Exercise description |
Each line of the data below should be restated exactly, with images left out.

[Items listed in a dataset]
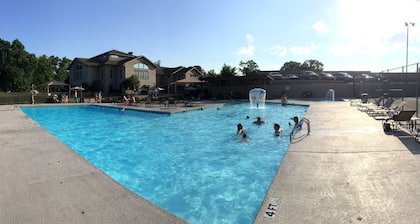 UP TO 50% OFF, Golf Side Location Peaceful Great Location Pools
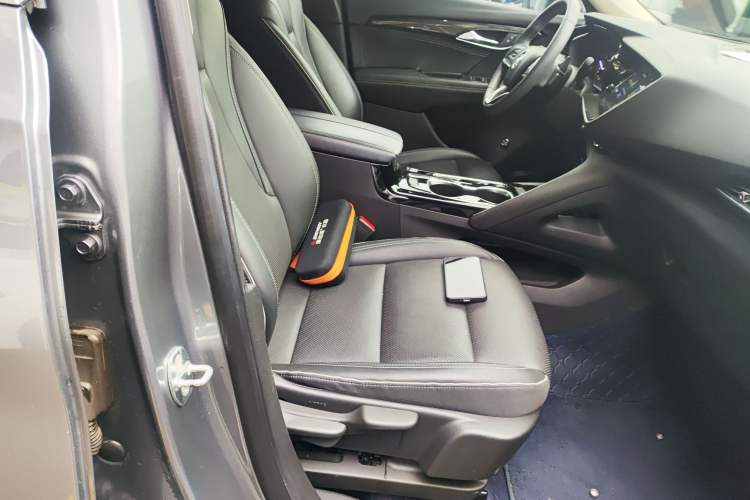 Used Buick Envision 2022 Encore S 652T Two-Wheel-Drive Luxury Model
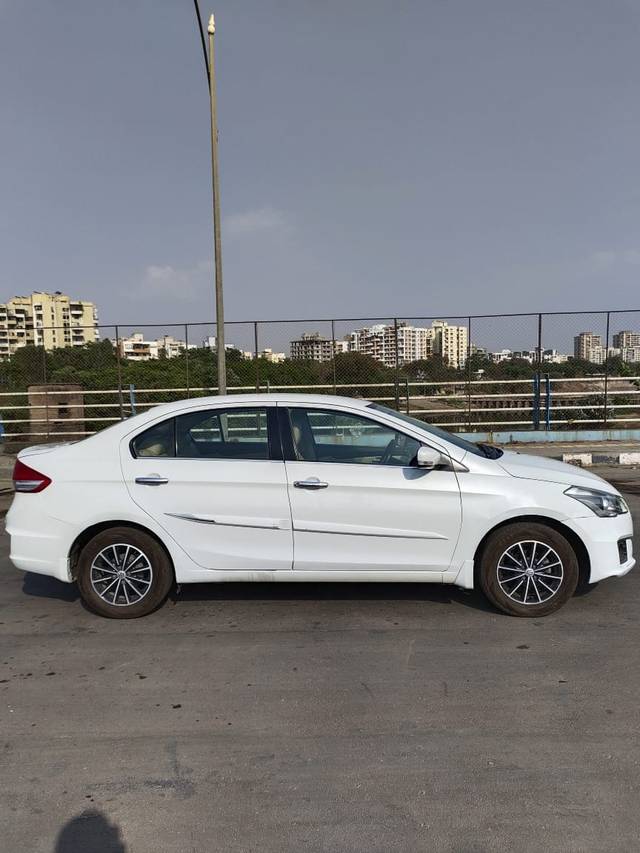 https://images10.gaadi.com/usedcar_image/4620173/original/5deece3f6c3b33dd2bba2b5e3f141bee.jpg?imwidth=6401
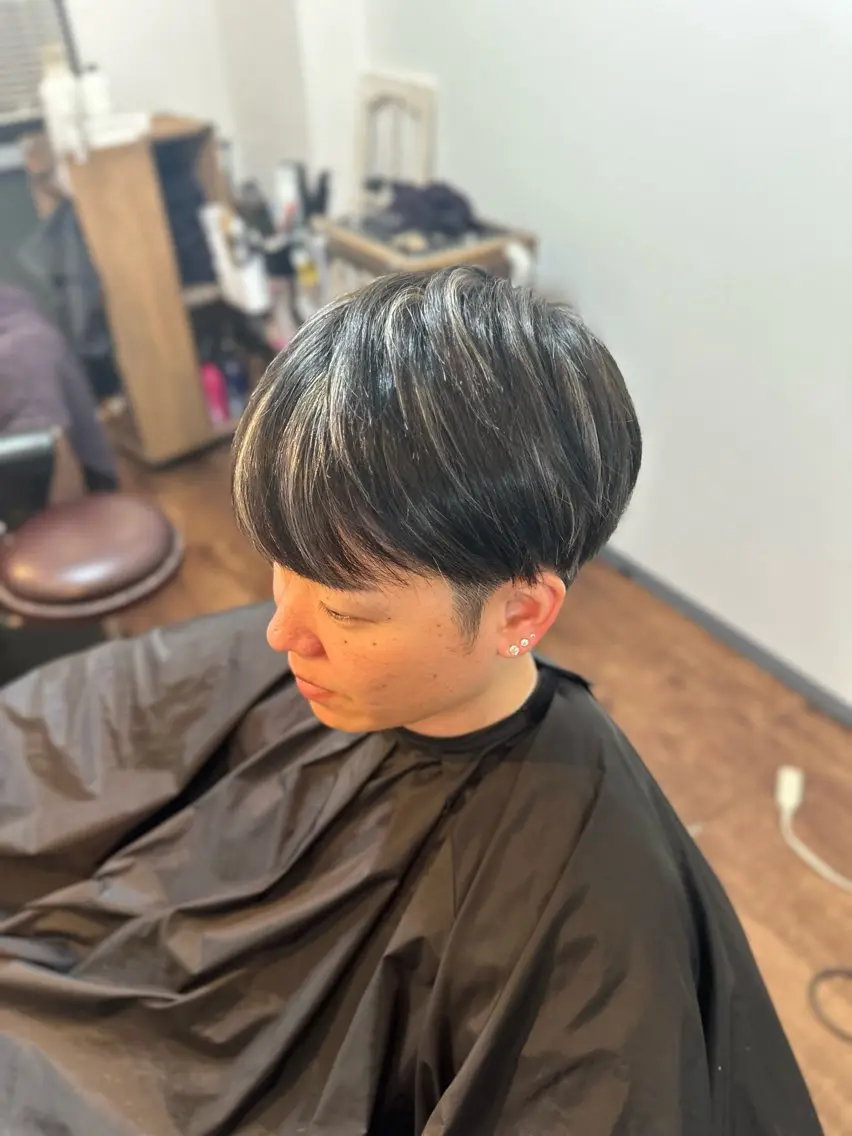 ミディアム カラー メンズ メンズハイライト ハイライトカラー ハイライト カット ヘアカラー トリートメント Luzir⭐︎ GEN⭐︎のヘアスタイル
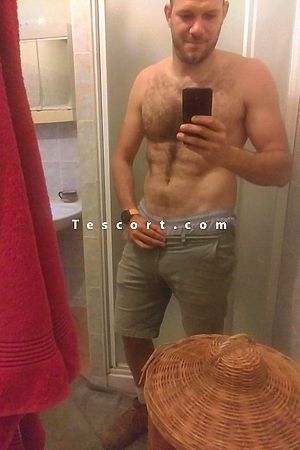 ZePeZ - Toulouse Boy Escorts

Exercise response |
 UP TO 50% OFF, Golf Side Location Peaceful Great Location Pools
 Used Buick Envision 2022 Encore S 652T Two-Wheel-Drive Luxury Model
 https://images10.gaadi.com/usedcar_image/4620173/original/5deece3f6c3b33dd2bba2b5e3f141bee.jpg?imwidth=6401
 ミディアム カラー メンズ メンズハイライト ハイライトカラー ハイライト カット ヘアカラー トリートメント Luzir⭐︎ GEN⭐︎のヘアスタイル
 ZePeZ - Toulouse Boy Escorts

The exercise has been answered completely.